Nachdem die zähnefletschende bundesdeutsche Empörung über Ungereimtheiten während der russischen Wahlen abgeklungen ist, bleibt uns die atemstockende Häme über das hausgemachte innerbetriebliche Spektakulum des bundesdeutschen Super-Wahlevents nicht erspart. Wer hätte es unter freiheitlich-demokratischen Verhältnissen wohl für möglich gehalten, dass Wahlunterlagen vertauscht oder verwechselt werden oder gar verschwinden könnten?

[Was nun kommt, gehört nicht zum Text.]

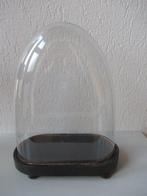 Stolp - Glas en hout - 1900-1910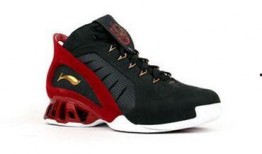 李宁最新篮球鞋爆料视频,科技与时尚的完美融合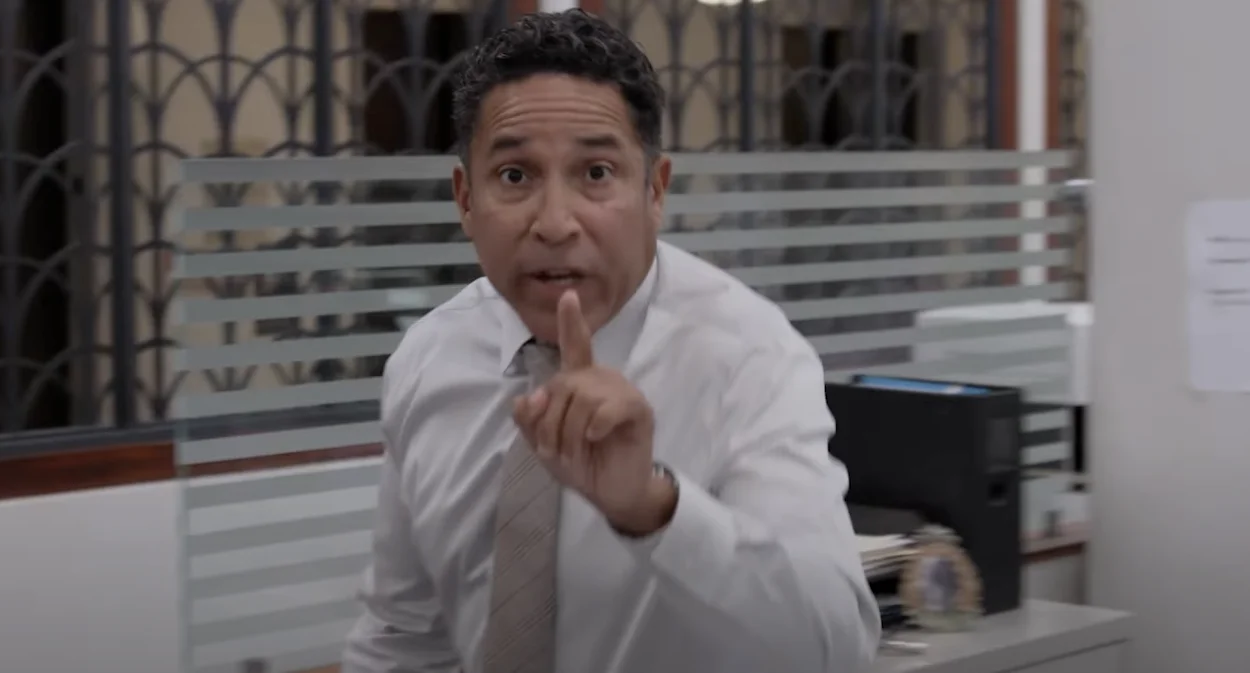 “The Paper”: así es el spin-off de ‘The Office’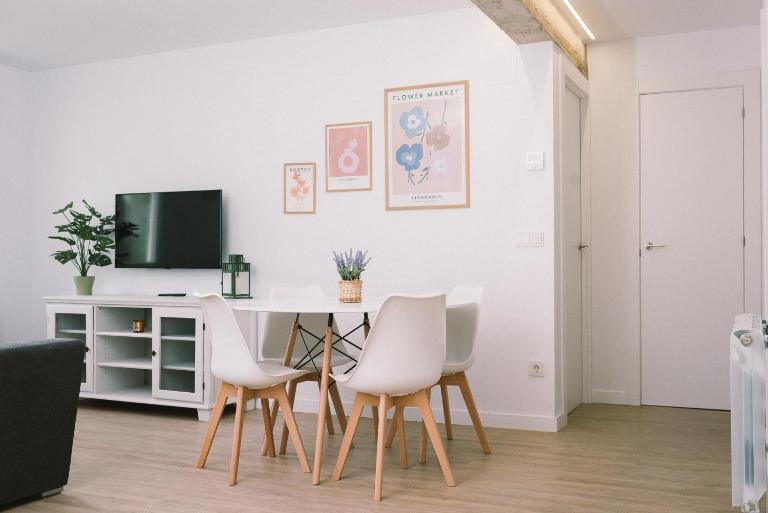 The Green Home - VUT6445AS - B&B Gijón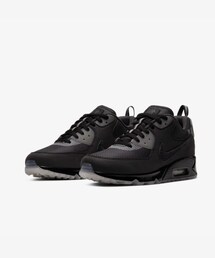NIKE | Nike x Undefeated AirMax90 Black(スニーカー)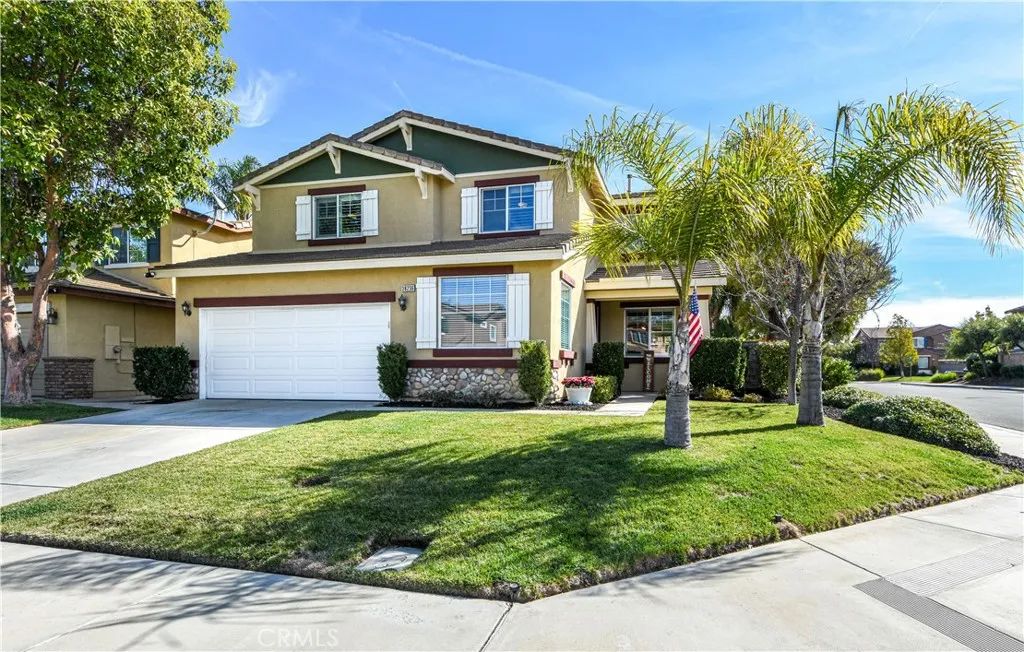 38236 Hermosa Court, Murrieta, CA 92563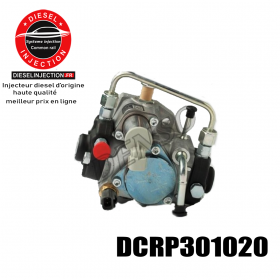 Pompe HP DENSO DCRP301020DCRP301020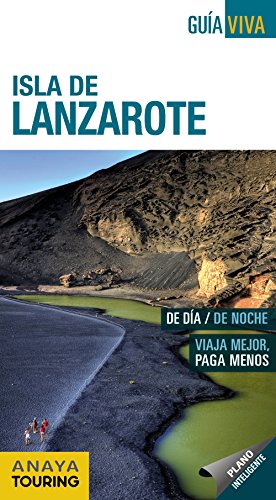 Stock image for ISLA DE LANZAROTE for sale by Zilis Select Books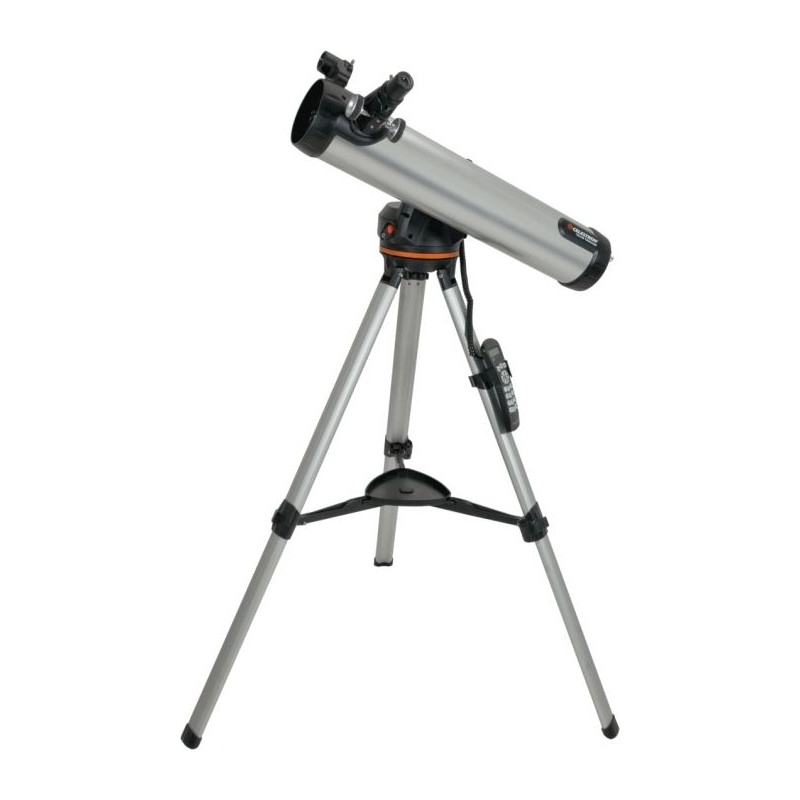 Celestron Telescop N 76/700 LCM GoTo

Erleichtert konstatierte der Satiriker und Vorsitzende der Partei »Die Partei«, Martin Sonneborn, froh darüber zu sein, dass Präsident Putin keine Wahlbeobachter nach Berlin entsandt hat. Was sich da am Wahlsonntag zugetragen hat, spottet nach Medienberichten jeder Beschreibung! Ich glaubte, ich hätte mich verlesen, als die Presse mitteilte, dass sogar Wahlergebnisse geschätzt worden seien, um Leerstellen zu schließen. An anderer Stelle waren die Unterlagen unvollständig, standen nicht genügend Formulare zur Verfügung oder mussten die Wahlbüros die Öffnungszeiten um Stunden verlängern, um alle Wahlberechtigten zu ihren Kreuzen kriechen zu lassen.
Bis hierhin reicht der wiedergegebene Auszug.